One of the key points from the linked question is that the lens is designed to sit only so far from the film/image sensor.
Rangefinders don't have a reflex mirror, allowing much slimmer camera bodies. Because of this design, lenses can sit relatively close to the film/sensor.
SLR's, by virtue of design (gotta have space for that mirror), locate the lens slightly farther away from the film/sensor.
It is relatively easy to mount an SLR lens on a rangefinder (or mirrorless). The SLR lens is designed to sit farther away from the sensor - so all one has to do when moving it to a rangefinder is provide a spacer equal to the difference between what the lens was designed for and where it will sit on the rangefinder. Like an extension tube.

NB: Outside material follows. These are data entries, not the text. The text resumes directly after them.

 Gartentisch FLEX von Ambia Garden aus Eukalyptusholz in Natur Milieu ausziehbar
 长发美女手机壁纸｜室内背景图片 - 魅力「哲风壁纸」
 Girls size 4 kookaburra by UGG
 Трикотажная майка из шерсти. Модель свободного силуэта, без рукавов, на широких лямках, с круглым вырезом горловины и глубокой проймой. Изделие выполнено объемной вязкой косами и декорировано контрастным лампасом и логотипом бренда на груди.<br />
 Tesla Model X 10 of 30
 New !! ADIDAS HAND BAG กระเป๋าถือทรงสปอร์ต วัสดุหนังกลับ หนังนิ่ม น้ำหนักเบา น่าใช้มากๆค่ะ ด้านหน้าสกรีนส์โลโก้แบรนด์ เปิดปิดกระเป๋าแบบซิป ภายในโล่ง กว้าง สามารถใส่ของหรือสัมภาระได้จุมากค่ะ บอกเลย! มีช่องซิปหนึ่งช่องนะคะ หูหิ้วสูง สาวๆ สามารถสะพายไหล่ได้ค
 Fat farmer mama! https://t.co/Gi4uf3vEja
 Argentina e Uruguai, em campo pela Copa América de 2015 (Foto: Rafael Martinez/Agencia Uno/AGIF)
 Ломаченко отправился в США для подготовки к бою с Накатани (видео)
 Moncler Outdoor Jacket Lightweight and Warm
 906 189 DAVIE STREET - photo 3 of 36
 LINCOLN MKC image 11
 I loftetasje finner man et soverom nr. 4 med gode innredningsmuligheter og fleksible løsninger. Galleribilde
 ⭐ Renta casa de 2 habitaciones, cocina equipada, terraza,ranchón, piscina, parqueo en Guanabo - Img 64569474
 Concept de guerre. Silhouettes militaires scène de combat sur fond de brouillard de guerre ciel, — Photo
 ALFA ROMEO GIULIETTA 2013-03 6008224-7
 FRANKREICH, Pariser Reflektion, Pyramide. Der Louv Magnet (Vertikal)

However, going the other direction is much harder to do. You'll be taking a lens designed to sit, say 35mm from the film plane and putting it on a camera that sits the lens ~44mm from the film plane. (I'm not 100% on these numbers, just an example).
By being pushed out, your focus is going to be greatly off...restrictively off. This means that you need an adapter that has a glass element in it to help focus the light at this newer distance.
The quality of that adapter glass follows all of the same rules that we judge lenses by. Except finding excellent adapters is much harder than finding excellent lenses.
Because of this, even if you did re-mount those vintage lenses, they wouldn't give you the same look and feel to the photo. Trust me, I shoot vintage equipment as well and know that urge to want to remount things.
But, like Caleb and Micheal Clark have said, you're best bet is to leave these vintage cameras as they are and enjoy them from time to time as budget permits. Get a lens for your dSLR that mirrors the vintage, like the 50mm f/1.8 STM. Learning to shoot this lens on your dSLR will improve your ability to shoot with the vintage gear as well.